TASK DETAILS
Leaving the pictures aside, write out the whole listing below exactly.

COLLECTED DATA

----

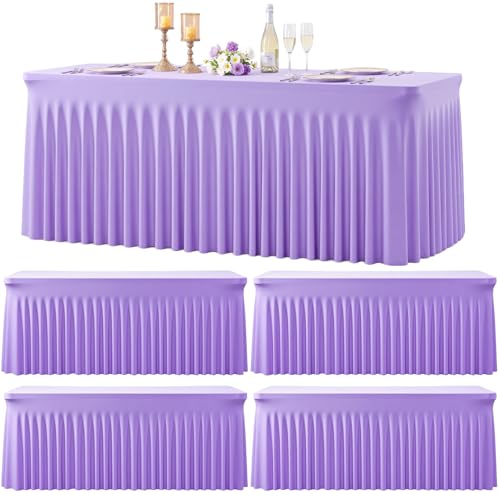 Lavender Spandex Tablecloths for 6ft Rectangle Tables - 4 Pack Light Purple Stretch Fitted Cover with Skirt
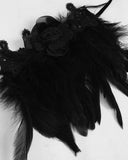 Eva Lady Gothic Lace & Rose Feathered Bralette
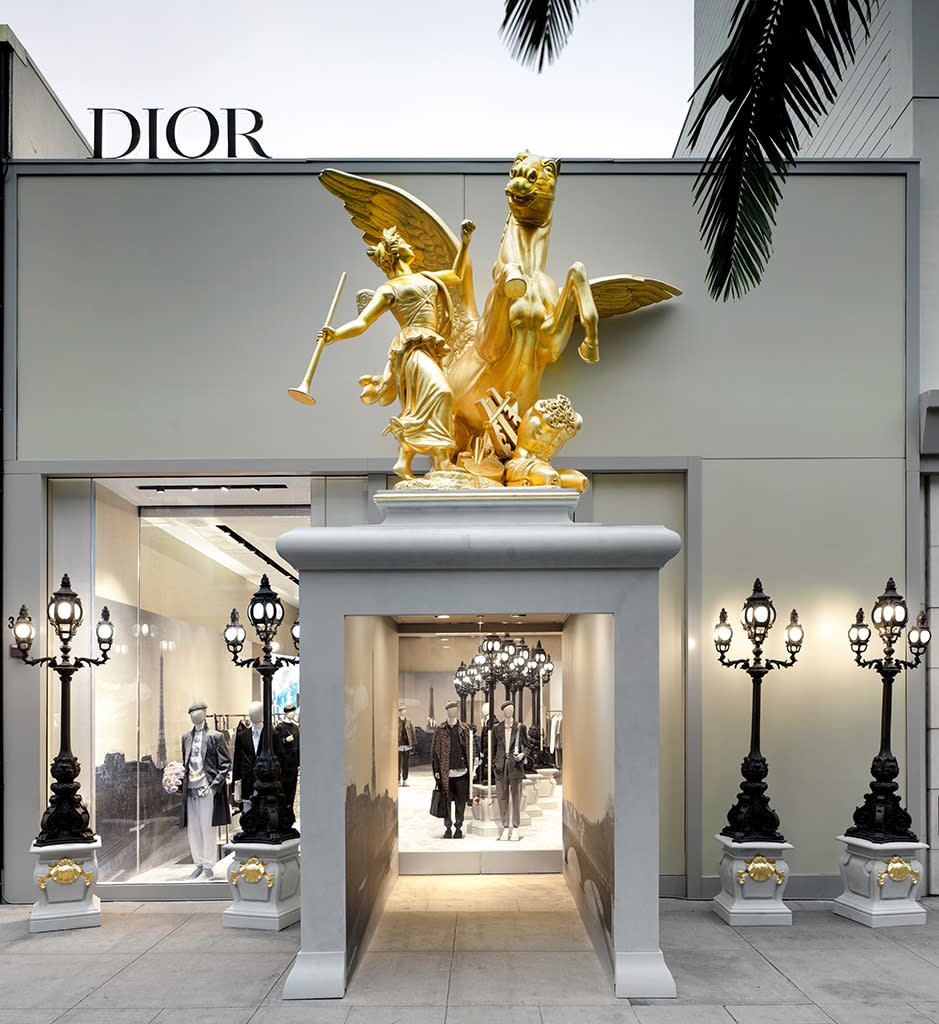 Outside the Dior Men’s pop-up on N. Rodeo Drive. - Credit: Erik Undehn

----

TASK SOLUTION
 Lavender Spandex Tablecloths for 6ft Rectangle Tables - 4 Pack Light Purple Stretch Fitted Cover with Skirt
 Eva Lady Gothic Lace & Rose Feathered Bralette
 Outside the Dior Men’s pop-up on N. Rodeo Drive. - Credit: Erik Undehn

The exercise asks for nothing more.